Israel memperlihatkan wajah terburuknya dengan menggunakan senjata kelaparan terhadap warga sipil di Jalur Gaza.
Kebijakan itu dijalankan secara sistematis, terprogram, bahkan dengan bantuan kecerdasan buatan.
“Ini adalah kejahatan yang lengkap dalam semua unsurnya, dilakukan di hadapan dunia,” ujar Direktur Pusat Studi al-Zaytouna, Mohsen Saleh.
Pernyataan itu menggambarkan kegagalan hukum internasional dalam menghadapi praktik genosida dan kelaparan yang menimpa penduduk Gaza.
Padahal, teks hukum internasional jelas melarang penggunaan kelaparan sebagai alat perang dan menegaskannya sebagai bentuk kejahatan perang sekaligus genosida.
Namun, kenyataan di Gaza menunjukkan bahwa norma hukum itu tengah menghadapi ujian terberatnya.

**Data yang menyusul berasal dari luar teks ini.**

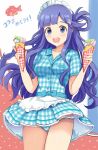  1girl :d absurdres apron asari_nanami blue_bow blue_eyes blue_panties blue_shirt blue_skirt bow breasts collared_shirt commentary_request cowboy_shot gingham_clothes gingham_panties gingham_shirt gingham_skirt glyn070605a hair_rings hands_up highres holding holding_ice_cream_cone ice_cream_cone idolmaster idolmaster_cinderella_girls long_hair looking_at_viewer lowleg lowleg_panties maid_apron maid_headdress medium_breasts miniskirt open_mouth panties pantyshot purple_hair shirt short_sleeves single_hair_ring skirt smile solo standing underwear very_long_hair waist_apron wavy_hair white_apron 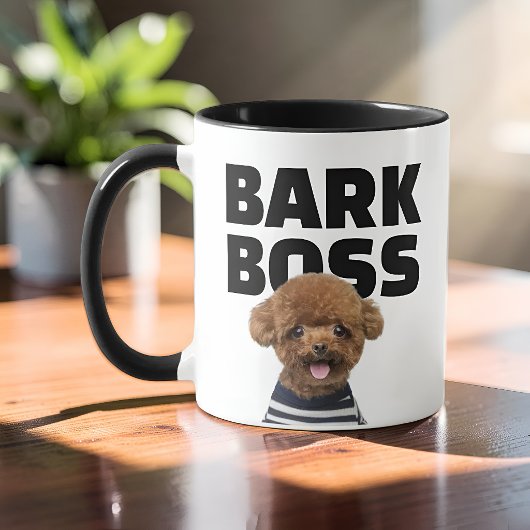 Funny Bark Boss Dog Photo Personalized Mok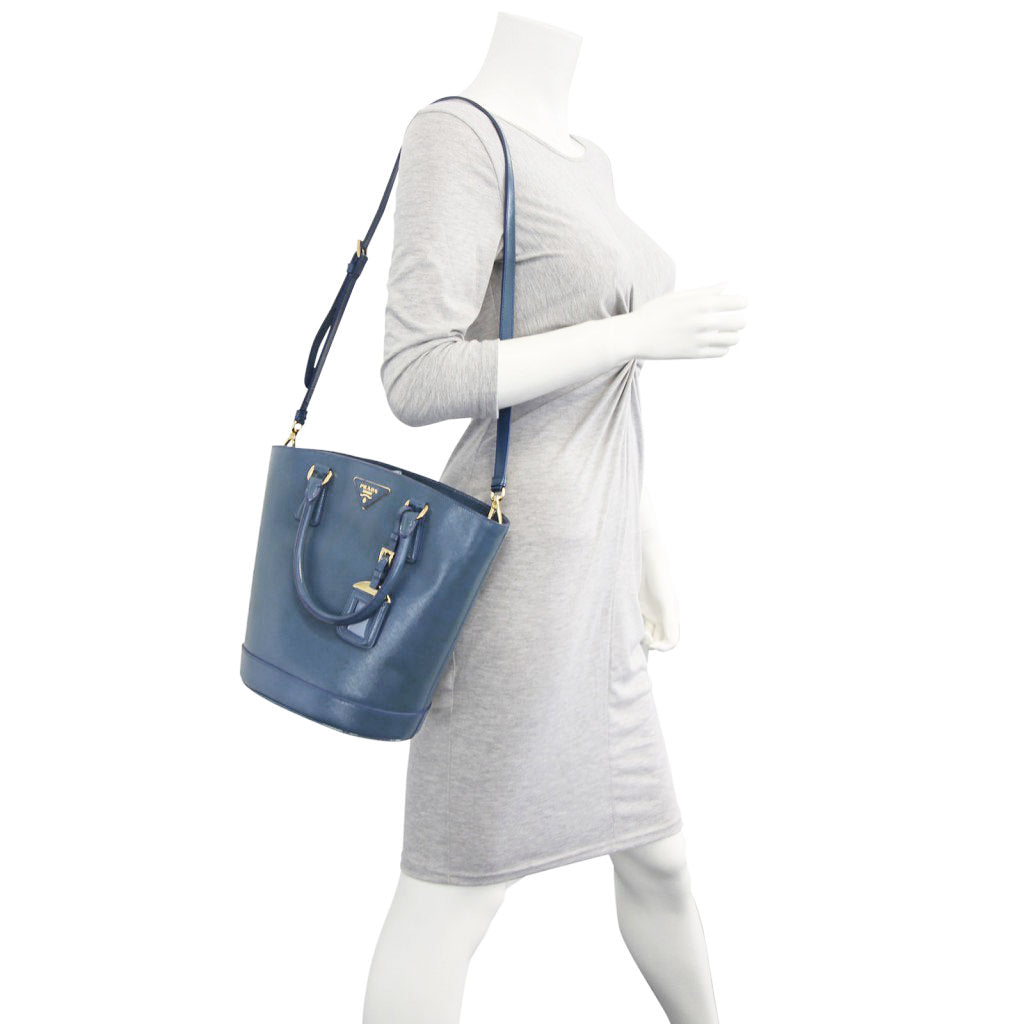 Prada Saffiano Vernice Secchiello Bucket Bag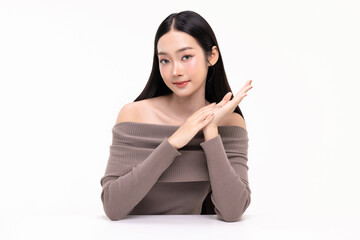 Beautiful young Asian woman with healthy and perfect skin on isolated white background. Facial and...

Apakah persoalannya terletak pada kelemahan instrumen hukum internasional itu sendiri? Atau pada absennya kemauan politik untuk menegakkan hukum? Pertanyaan-pertanyaan itulah yang mengemuka dalam diskusi bertajuk “Menelantarkan Warga Gaza antara Kejahatan Israel dan Tanggung Jawab Internasional” yang diselenggarakan Pusat Studi al-Zaytouna.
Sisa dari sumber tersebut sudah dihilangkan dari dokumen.